Records drawn from a dataset
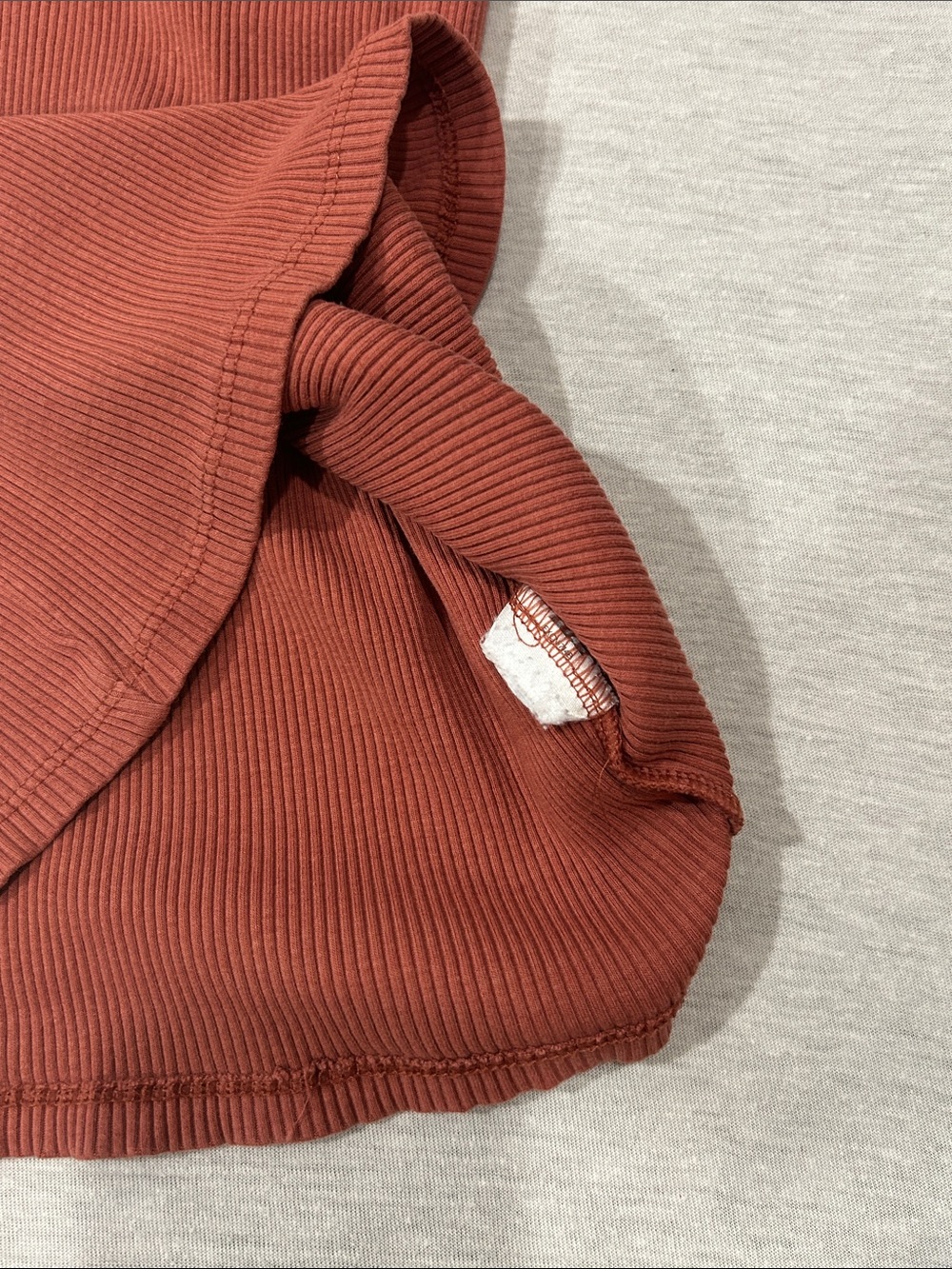 Express One Eleven Ribbed V-Neck Short Sleeve Top in Rust Sz S - Picture 4 of 4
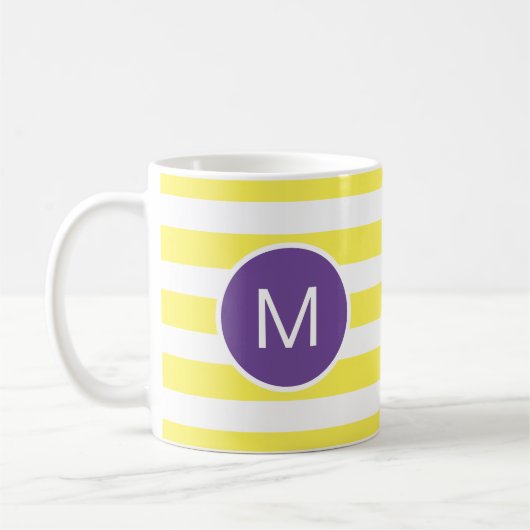 Lila Monogramm mit gelbem Streifen (benutzerdefini Kaffeetasse (Links)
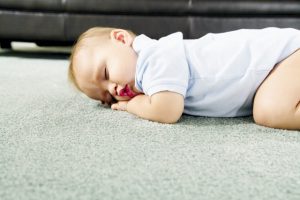 Thảm lót sàn bẩn ảnh hưởng đến sức khỏe của bé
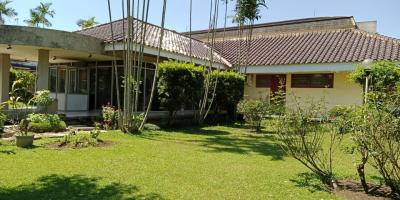 TURUN HARGA! DI JUAL CEPAT RUMAH SANGAT MEWAH LOKASI SUPER STRATEGIS DAERAH TURANGGA KOTA BANDUNG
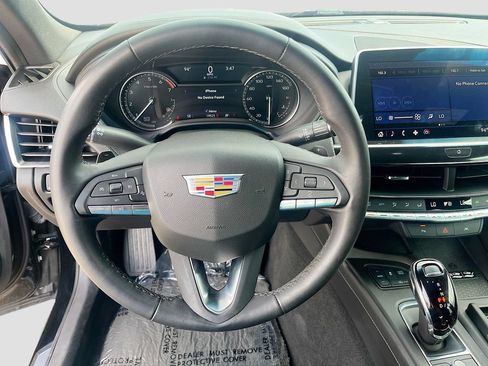 Used 2024 Cadillac CT5 Luxury RWD image 11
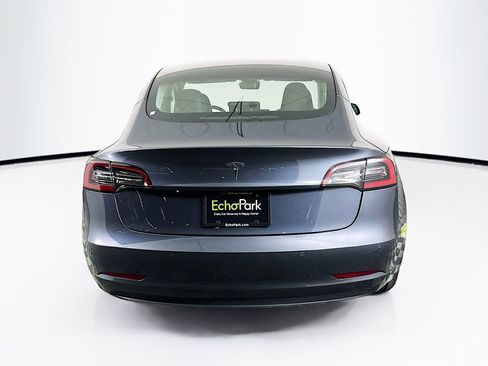 Used 2022 Tesla Model 3 image 7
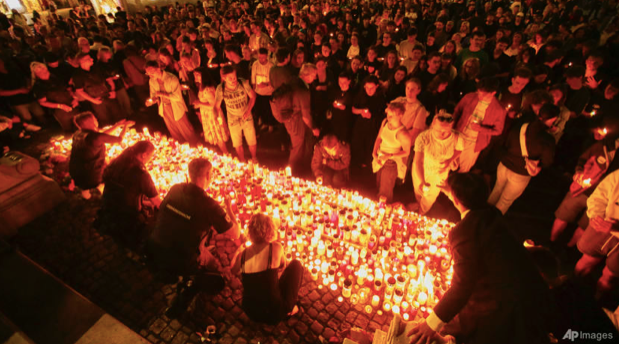 Buổi lễ thắp nến ở Graz để tưởng nhớ các nạn nhân vụ xả súng trong trường học. (Ảnh: AP) Buổi lễ thắp nến ở Graz để tưởng nhớ các nạn nhân vụ xả súng trong trường học. (Ảnh: AP)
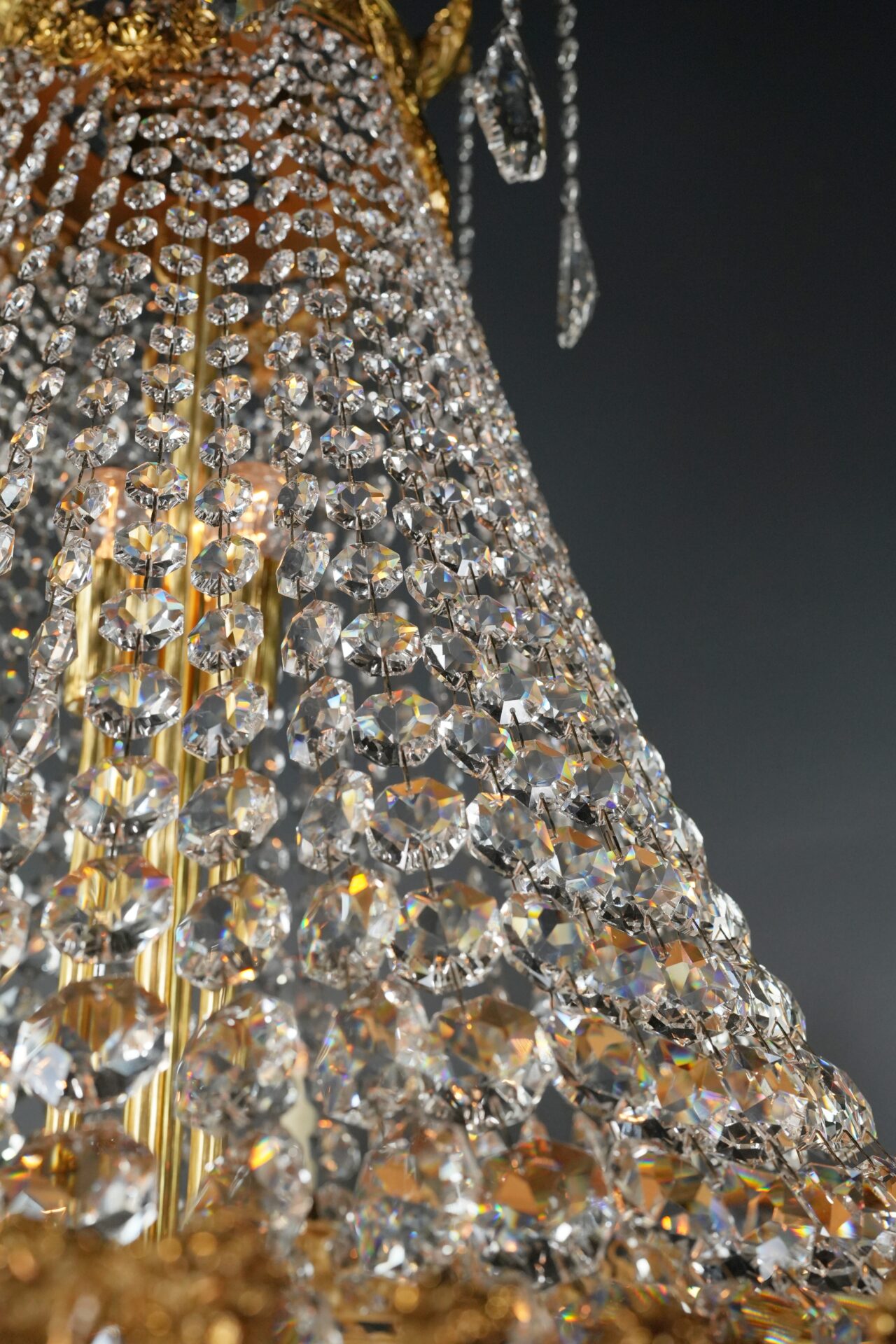 Empire Korbleuchter verpackt bereit für sicheren Versand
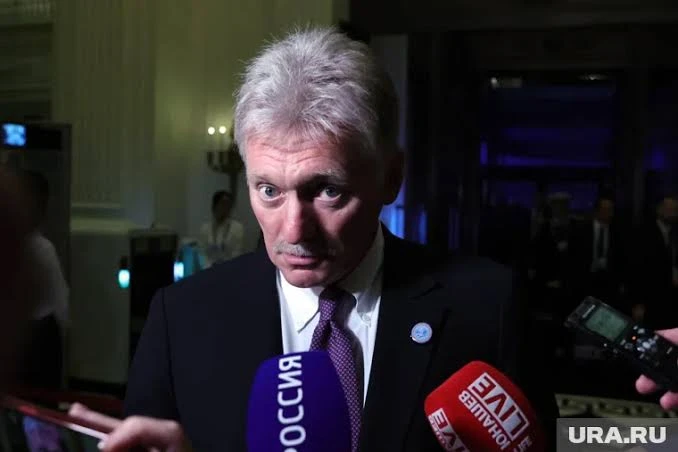 Песков:

"Россия продолжает контакты с Telegram по восстановлению доступа к мессенджеру".

А в Роско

■ Task requirements:
Here the lines from the one with "Thảm lót sàn" through the last line of the data above need to be repeated exactly, both included, and any picture omitted.

■ Result:
 Thảm lót sàn bẩn ảnh hưởng đến sức khỏe của bé
 TURUN HARGA! DI JUAL CEPAT RUMAH SANGAT MEWAH LOKASI SUPER STRATEGIS DAERAH TURANGGA KOTA BANDUNG
 Used 2024 Cadillac CT5 Luxury RWD image 11
 Used 2022 Tesla Model 3 image 7
 Buổi lễ thắp nến ở Graz để tưởng nhớ các nạn nhân vụ xả súng trong trường học. (Ảnh: AP) Buổi lễ thắp nến ở Graz để tưởng nhớ các nạn nhân vụ xả súng trong trường học. (Ảnh: AP)
 Empire Korbleuchter verpackt bereit für sicheren Versand
 Песков:

"Россия продолжает контакты с Telegram по восстановлению доступа к мессенджеру".

А в Роско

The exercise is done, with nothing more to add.